Money Markets: The Cure to What Ails the Sukuk Space

06-03-12 © VizArchA new working paper from World Bank economists looks at the sukuk space from the point of view of development: that is, where compliance with Islamic principles is important for much of the population, impediments to a sukuk market becomes impediments to economic development.

The authors [Ketut Ariadi Kusuma, senior securities market specialist, and Anderson Caputo Silva, lead securities market specialist] maintain that certain problems associated with the issuance of sukuk, an instrument in Islamic finance, do impede broader development, and they propose that policy makers in affected countries “use a framework similar to that of the development of conventional bond markets” in order to remove this impediment.

One idea in particular that stands out, because it is stressed here more than it usually is in such discussions, is the role of money markets as enablers of sukuk.

What the Sukuk Space Looks Like

Kusuma and Silva say that $147 billion in sukuk bonds issued in 2012. The level of issuance in 2013 was somewhat below that, at $124 billion, a dip in the long-term growth trend. The World Bank authors explain this as due to the period from to September 2013 when the fixed-income markets globally suffered from an anxiety attack over the U.S. Federal Reserve and its announced intention to “taper” its quantitative easing policies.

The graph below, adapted from Figure 1 in the report, gives a more vivid sense both of the long-run trend and of the 2013 dip.

Breaking it down by nation, more than two-thirds of the global sukuk market consists of bonds issued in Malaysia. In 2012 for example, this was the source of $110 billion out of the $147 billion total. Another $25 billion came from the Gulf Cooperation Council region, the remaining $12 billion from, well … the rest of the world.



A Statement of the Problem

Impediments to the growth of sukuk markets include: the lack of standardization of structures and practices; issues surrounding insolvency and investor protection; and the lack of liquidity.

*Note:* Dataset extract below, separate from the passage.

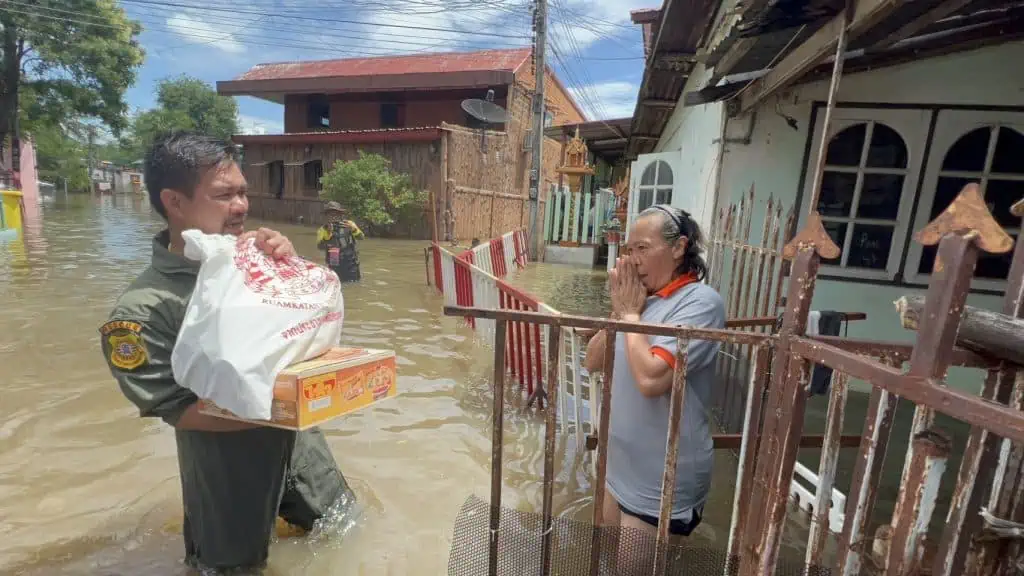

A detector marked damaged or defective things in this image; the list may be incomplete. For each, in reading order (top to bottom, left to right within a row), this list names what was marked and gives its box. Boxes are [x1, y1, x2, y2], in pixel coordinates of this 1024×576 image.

On the first point, standard setting bodies do exist. Unfortunately, there are too many of them, and a proliferation of standard setters can defeat the purpose at which each aims. There is the Accounting and Auditing Organization for Islamic Financial Institutions (AAOIFI); International Islamic Financial Markets (IIFM); the Islamic Liquidity Management Corporation (ILMC), and the Islamic Financial Services Board (IFSB).

Yet the World Bank experts are hopeful; they see evidence of “convergence in some of the issues.” They don’t give examples, but move on to the issue of insolvency.

The questions that center around the issue of insolvency arise because sukuk are generally asset-backed instruments, and these questions put at issue the nature of the backing.

There is both a practical and a theological component to this. In practical terms potential investors will want to know whether the sukuk investors have a senior claim over the assets in the event of a default, under the laws of the relevant jurisdictions.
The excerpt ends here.